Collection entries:
---------------

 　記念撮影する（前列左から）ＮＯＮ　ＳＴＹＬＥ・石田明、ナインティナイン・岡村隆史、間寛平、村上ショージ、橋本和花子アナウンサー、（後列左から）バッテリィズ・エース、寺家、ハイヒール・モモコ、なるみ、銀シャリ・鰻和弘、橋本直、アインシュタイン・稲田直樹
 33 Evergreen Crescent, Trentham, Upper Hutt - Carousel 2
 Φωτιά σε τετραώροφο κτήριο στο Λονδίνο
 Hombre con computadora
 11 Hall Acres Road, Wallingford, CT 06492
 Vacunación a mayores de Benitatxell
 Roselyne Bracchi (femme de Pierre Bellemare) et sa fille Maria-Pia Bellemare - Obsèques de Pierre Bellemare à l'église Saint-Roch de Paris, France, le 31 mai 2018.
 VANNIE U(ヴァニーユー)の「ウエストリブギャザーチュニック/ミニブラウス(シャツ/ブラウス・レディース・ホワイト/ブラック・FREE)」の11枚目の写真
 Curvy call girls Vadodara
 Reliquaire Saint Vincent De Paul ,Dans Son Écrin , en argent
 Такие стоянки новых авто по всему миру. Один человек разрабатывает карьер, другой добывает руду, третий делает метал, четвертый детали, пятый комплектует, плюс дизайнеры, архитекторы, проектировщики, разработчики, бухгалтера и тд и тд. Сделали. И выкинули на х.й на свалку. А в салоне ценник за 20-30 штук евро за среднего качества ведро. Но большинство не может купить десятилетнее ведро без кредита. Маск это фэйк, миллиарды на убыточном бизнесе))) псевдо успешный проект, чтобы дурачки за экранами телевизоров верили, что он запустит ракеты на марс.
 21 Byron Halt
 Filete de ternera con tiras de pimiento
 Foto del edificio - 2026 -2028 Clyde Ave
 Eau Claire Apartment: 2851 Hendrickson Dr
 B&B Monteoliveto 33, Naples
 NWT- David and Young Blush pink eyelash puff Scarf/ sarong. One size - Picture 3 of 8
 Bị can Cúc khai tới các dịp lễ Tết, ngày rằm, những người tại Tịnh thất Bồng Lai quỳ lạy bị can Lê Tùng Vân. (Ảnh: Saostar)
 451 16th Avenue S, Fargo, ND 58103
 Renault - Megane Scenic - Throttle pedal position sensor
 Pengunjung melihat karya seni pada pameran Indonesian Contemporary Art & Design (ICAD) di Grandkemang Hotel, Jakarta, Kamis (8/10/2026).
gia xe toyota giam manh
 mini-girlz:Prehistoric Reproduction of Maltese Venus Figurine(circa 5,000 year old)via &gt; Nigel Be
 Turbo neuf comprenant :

---------------

- [Work order]: Reproduce the records above line by line, without any change, up to and including the line that holds "Vacunación a mayores de Benitatxell".

- [Answer for the task]:
 　記念撮影する（前列左から）ＮＯＮ　ＳＴＹＬＥ・石田明、ナインティナイン・岡村隆史、間寛平、村上ショージ、橋本和花子アナウンサー、（後列左から）バッテリィズ・エース、寺家、ハイヒール・モモコ、なるみ、銀シャリ・鰻和弘、橋本直、アインシュタイン・稲田直樹
 33 Evergreen Crescent, Trentham, Upper Hutt - Carousel 2
 Φωτιά σε τετραώροφο κτήριο στο Λονδίνο
 Hombre con computadora
 11 Hall Acres Road, Wallingford, CT 06492
 Vacunación a mayores de Benitatxell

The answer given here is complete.